La figura centrale di Perry Rhodan, innanzitutto, corrisponde a una tipologia ben definita all’interno della tradizione mitico-fiabesca, è uno di quei personaggi, cioè, che incarnano il cosiddetto “mito di Aladino”, ovvero i reietti, i perdenti che, in base a qualche imperscrutabile disegno fatale o divino si rivelano essere i predestinati, gli eletti, gli eroi avviati sulla via della gloria. Perry, “un modesto, impetuoso nativo di un piccolo pianeta di un piccolo sistema solare” (Karl-Herbert Scheer, L’immortale [Der Unsterbliche, 1962], a cura di Luigi Randa [ovvero Antonio Bellomi], Milano, M.G., 1978, p. 90), trasporta il principio del mito di Aladino su una scala cosmica e simbolica: non Aladino in quanto individuo (tra gli uomini possiede già caratteristiche che lo portano a rivestire un ruolo di rango), ma in quanto terrestre, rappresentante di una razza priva di cultura e di storia e tuttavia destinata ad assurgere al ruolo di capo e di guida di uno sterminato impero stellare.

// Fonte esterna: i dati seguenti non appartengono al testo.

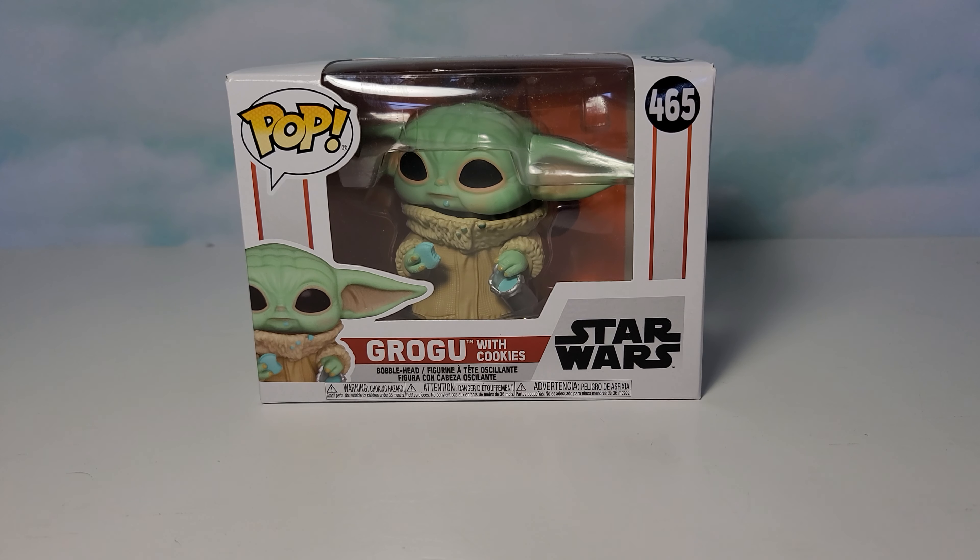Hi guys, today I have a Star Wars Funko Pop number 465, and this is Grogu with cookies. Pretty much everyone just calls this the Child or Baby Yoda — Baby Yoda is the most common name.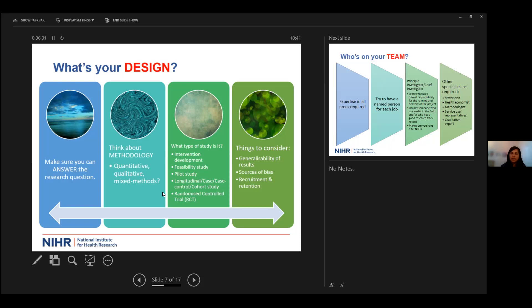Think about what the best methodology or mix of methodologies might be. What type of study is it? Is it an intervention development, a feasibility or pilot, a longitudinal case study, a cohort study, or a full randomized controlled trial? Consider issues such as generalizability of results, sources of bias, and think ahead about recruitment and retention issues and how you might overcome any barriers.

Questo è l’assunto di fondo, e le figurazioni del mito ritornano poi su un duplice piano. Il primo è quello di un recupero di elementi sottratti a tradizioni eterogenee e che vengono ricomposti e utilizzati come materiali. Perry Rhodan appare in questo senso come un grande bacino di raccolta in cui confluiscono motivi diversi e di origine disparata, concorrendo a costruire qualcosa di nuovo, di sapore quasi postmoderno, le cui singole componenti restano perfettamente riconoscibili nel tutto, ma smarriscono il substrato che le ricollega alla loro origine. Così, ad esempio, le risorse tecnologiche che gli arkonidi mettono a disposizione dei terrestri sono indistinguibili da mezzi magici, ne costituiscono una razionalizzazione e un’attualizzazione in termini scientifici (che restano peraltro semplicemente postulati e non spiegati), a rafforzare l’aura degli eroi. L’elenco è significativo e rappresenta un intero campionario di “sogni proibiti”: Perry può giovarsi di un meccanismo di antigravità che fa galleggiare a piacimento nell’aria persone e cose; di schermi di energia che gli procurano una sia pur intermittente invulnerabilità (del resto anche la vulnerabilità di tali schermi conosce ha i suoi antenati nei vari talloni di Achille o nelle foglie di Sigfrido); del controllo della volontà altrui grazie a dei manipolatori psichici; di un campo deflettore che, sulla base di fantastiche “oscillazioni delle onde luminose”, garantisce l’invisibilità a chi lo indossa e che, senza troppi giri di parole, viene definito Tarnkappe, come quella magica di Sigfrido

Quasi tra le righe, i riferimenti alla dimensione mitologica, e in particolare alla mitologia nordica, sono innumerevoli: così, uno dei primi romanzi del ciclo si intitola Götterdämmerung (senza peraltro rivelare grandi analogie con il modello del mito nordico né con quello wagneriano), in un altro (Walter Ernsting, Die Spur durch Zeit und Raum, 1961) i robusti, bellicosi abitanti di un lontano pianeta portano nomi vagamente islandesi (Lesur, Regor, Bogar; del resto, i nomi stessi di alcuni arkonidi, come Thora o Freyt, sembrano rivelare anch’essi echi nordici), mentre nella chiusura dello stesso romanzo cade un accenno alla Loreley; e così via.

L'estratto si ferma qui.